Curriculum Learning for Multi-Task Classification of Visual Attributes
Nikolaos Sarafianos, Theodore Giannakopoulos, Christophoros Nikou,, Ioannis A. Kakadiaris

TL;DR
This paper presents a novel curriculum learning approach for multi-task visual attribute classification, grouping tasks by correlation to improve learning efficiency and accuracy, achieving state-of-the-art results.
Contribution
It introduces a method that combines multi-task and curriculum learning by grouping tasks based on correlation and transferring knowledge between groups.
Findings
Faster convergence compared to standard multi-task learning.
Achieves state-of-the-art results on multiple datasets.

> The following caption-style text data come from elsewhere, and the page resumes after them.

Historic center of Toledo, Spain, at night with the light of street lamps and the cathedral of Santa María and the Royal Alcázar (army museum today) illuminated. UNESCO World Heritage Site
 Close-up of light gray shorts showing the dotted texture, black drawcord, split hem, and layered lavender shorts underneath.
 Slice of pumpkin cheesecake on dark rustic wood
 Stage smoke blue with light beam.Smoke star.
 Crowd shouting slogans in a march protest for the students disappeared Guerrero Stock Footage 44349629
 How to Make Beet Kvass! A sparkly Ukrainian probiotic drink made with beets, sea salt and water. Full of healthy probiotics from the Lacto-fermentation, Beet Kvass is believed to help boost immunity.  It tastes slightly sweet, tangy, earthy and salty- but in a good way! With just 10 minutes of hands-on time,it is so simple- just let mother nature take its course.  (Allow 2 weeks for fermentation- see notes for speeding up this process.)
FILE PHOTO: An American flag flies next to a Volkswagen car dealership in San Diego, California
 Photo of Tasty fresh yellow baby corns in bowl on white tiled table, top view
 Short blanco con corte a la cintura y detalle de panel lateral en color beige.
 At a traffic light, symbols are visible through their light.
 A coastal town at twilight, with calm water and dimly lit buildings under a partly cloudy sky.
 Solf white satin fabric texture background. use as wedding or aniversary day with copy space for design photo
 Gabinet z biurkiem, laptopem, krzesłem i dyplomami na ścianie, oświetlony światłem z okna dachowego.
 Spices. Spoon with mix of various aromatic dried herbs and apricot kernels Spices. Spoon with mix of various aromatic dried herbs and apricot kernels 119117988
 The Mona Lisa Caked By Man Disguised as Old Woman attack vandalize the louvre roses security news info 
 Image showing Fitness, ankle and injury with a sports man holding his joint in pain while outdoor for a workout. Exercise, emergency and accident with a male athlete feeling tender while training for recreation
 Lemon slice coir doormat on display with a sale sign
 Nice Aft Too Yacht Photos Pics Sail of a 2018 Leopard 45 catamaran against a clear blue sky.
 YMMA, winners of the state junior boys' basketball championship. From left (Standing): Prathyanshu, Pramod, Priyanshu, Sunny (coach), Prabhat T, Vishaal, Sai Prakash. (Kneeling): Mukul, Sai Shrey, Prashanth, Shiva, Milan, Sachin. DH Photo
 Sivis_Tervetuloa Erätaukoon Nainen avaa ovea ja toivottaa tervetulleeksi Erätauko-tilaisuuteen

Effective grouping based on task correlation improves performance.
Abstract
Visual attributes, from simple objects (e.g., backpacks, hats) to soft-biometrics (e.g., gender, height, clothing) have proven to be a powerful representational approach for many applications such as image description and human identification. In this paper, we introduce a novel method to combine the advantages of both multi-task and curriculum learning in a visual attribute classification framework. Individual tasks are grouped based on their correlation so that two groups of strongly and weakly correlated tasks are formed. The two groups of tasks are learned in a curriculum learning setup by transferring the acquired knowledge from the strongly to the weakly correlated. The learning process within each group though, is performed in a multi-task classification setup. The proposed method learns better and converges faster than learning all the tasks in a typical multi-task learning…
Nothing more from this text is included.